[The data]
-*-
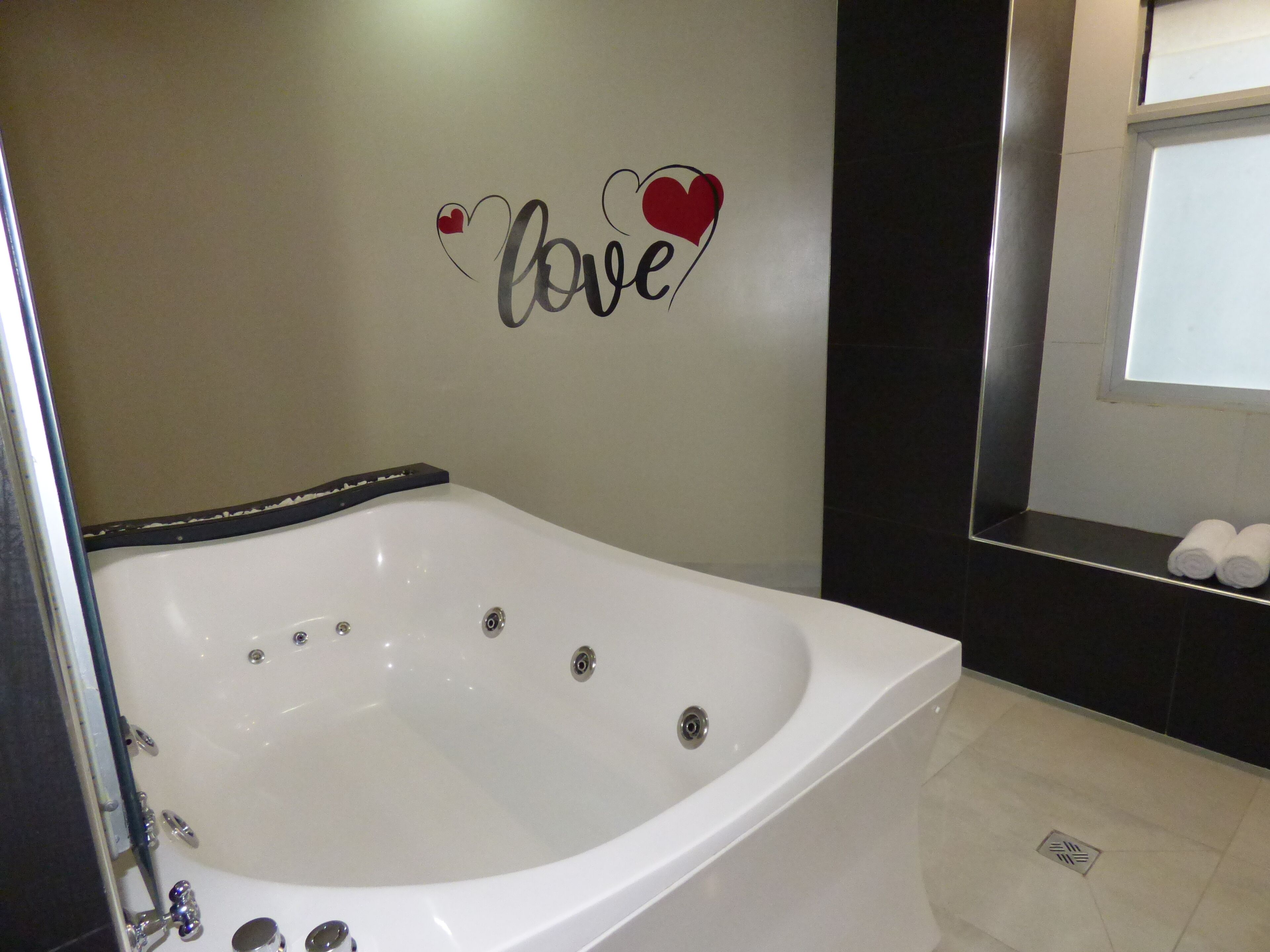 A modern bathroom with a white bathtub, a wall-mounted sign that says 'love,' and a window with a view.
-*-
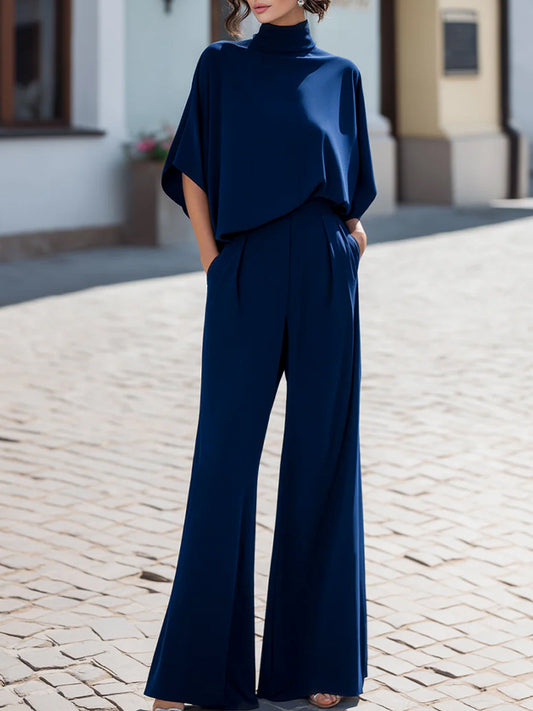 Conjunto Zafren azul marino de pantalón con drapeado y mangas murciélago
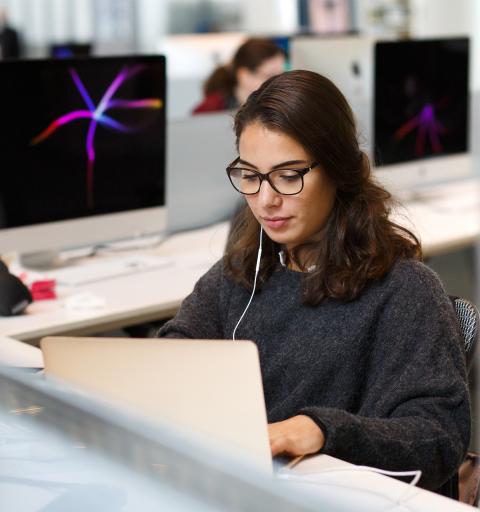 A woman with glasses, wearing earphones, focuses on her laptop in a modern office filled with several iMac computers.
-*-
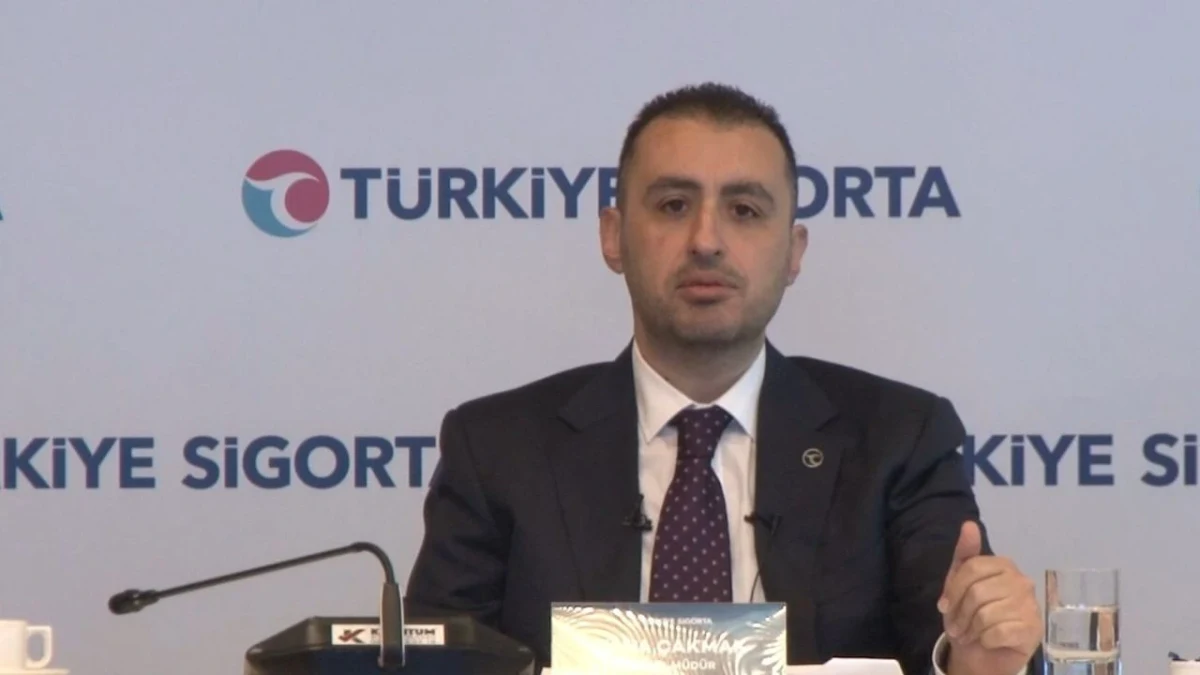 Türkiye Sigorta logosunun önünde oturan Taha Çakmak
-*-
Above are the records; copy exactly the lines from the one with "Conjunto Zafren azul" through the one with "A woman with", including both, and nothing more. Leave out pictures.

[Exercise result]
 Conjunto Zafren azul marino de pantalón con drapeado y mangas murciélago
 A woman with glasses, wearing earphones, focuses on her laptop in a modern office filled with several iMac computers.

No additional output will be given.